For information on religious persecution and human-rights abuses, or to find out how you or your church can join the fight, write:

Amnesty International, 322 Eighth Ave., New York, N.Y. 10001.

Christian Solidarity International, P.O. Box 70563, Washington, D.C. 20024.

Human Rights Watch, 1522 K Street, NW, #910, Washington, D.C. 20005.

The Institute on Religion and Democracy, 1331 H St., NW, Suite 900, Washington, D.C. 20005.

Puebla Institute, 1030 15th Street, NW, Suite 300, Washington, D.C. 20005.

6. Prepare For The Long Haul

Whatever the approach, “we cannot expect to see results in every situation immediately,” Snyder cautions. “It’s a long, steady, faithful process of prayer, awareness-raising, and intervention.”

Congressman Wolf observes, “If you do it, you really ought to stay with it, because a lot of times these people get their hopes up that people will care about them.” He has spoken with Romanian pastors who have noticed a sharp decrease in Western concern since 1989 (CT, April 27, 1992, p. 47).

7. Plan To Make A Difference

“Sometimes it’s hard to know what impact your intervention has,” explains John Hanford. “But in many of these cases, we are contacted by only one or two people on a problem, and we’ll run with it and maybe see a victory.”

In 1982, a constituent alerted Congressman Smith to the imprisonment of a Christian in the Soviet Union.
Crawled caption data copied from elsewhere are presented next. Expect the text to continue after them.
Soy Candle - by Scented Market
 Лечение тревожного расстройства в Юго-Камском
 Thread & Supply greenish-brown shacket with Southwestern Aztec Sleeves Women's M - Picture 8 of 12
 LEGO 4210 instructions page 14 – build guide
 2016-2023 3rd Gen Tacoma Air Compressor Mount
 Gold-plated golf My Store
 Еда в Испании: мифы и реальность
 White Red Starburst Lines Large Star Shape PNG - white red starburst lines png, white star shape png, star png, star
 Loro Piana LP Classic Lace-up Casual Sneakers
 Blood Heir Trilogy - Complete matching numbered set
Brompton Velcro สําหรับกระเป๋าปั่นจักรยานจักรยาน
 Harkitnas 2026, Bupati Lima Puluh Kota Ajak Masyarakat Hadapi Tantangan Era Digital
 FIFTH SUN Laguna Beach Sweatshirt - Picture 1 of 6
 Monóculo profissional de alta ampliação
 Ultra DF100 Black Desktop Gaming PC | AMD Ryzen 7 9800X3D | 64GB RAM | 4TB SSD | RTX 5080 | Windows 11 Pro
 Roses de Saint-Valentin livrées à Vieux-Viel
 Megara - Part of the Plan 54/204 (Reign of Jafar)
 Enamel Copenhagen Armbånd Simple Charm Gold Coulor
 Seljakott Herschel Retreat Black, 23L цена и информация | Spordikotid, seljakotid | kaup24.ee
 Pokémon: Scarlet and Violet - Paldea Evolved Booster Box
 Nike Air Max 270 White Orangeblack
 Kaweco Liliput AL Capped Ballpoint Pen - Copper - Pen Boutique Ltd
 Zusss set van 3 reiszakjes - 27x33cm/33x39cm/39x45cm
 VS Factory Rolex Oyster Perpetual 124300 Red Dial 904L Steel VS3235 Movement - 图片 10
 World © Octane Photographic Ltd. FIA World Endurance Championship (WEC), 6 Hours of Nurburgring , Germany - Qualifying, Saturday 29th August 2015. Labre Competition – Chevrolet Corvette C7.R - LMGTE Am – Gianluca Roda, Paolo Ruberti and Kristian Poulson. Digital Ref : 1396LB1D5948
The congressman traveled to Moscow, met the prisoner, and developed a personal relationship. He raised the issue at every appropriate opportunity—whether in hearings, or in meetings with, or letters to, foreign officials. He sought the support of other members of Congress. It took several years, but eventually the prisoner was released.

“You can’t write a letter and expect that it’s going to change the world,” says Hanford. “But sometimes it can make a difference. It’s worth writing that letter, making the phone call, expressing concern.” And the more people that get involved, he adds, the better.

The Killing Path

Like his father and grandfather, Justino Quicaña was a well-respected cacique (community leader) among the Quechua Indians of Ayacucho, Peru. When he became a Christian, he led many of his family members to Christ, and he greatly affected his community for the sake of the gospel.

He was especially effective at reaching youth—an approach that did not sit well with Peru’s terrorist Sendero Luminoso. They didn’t mind Quicaña’s work with older people, but winning the region’s youth is central to their plan for a new society. They told him to stop “indoctrinating” the young.

When he spoke in his church one Sunday in early December 1989, he told the congregation to be strong and to follow Christ closely. That morning he sensed he was near the presence of God, his grandson, Rómulo Sauñe, told cr. He sensed God was going to take him soon. Later that week he was tortured and killed by the Shining Path. He is one of over 400 evangelicals killed by the group since the beginning of its armed rebellion.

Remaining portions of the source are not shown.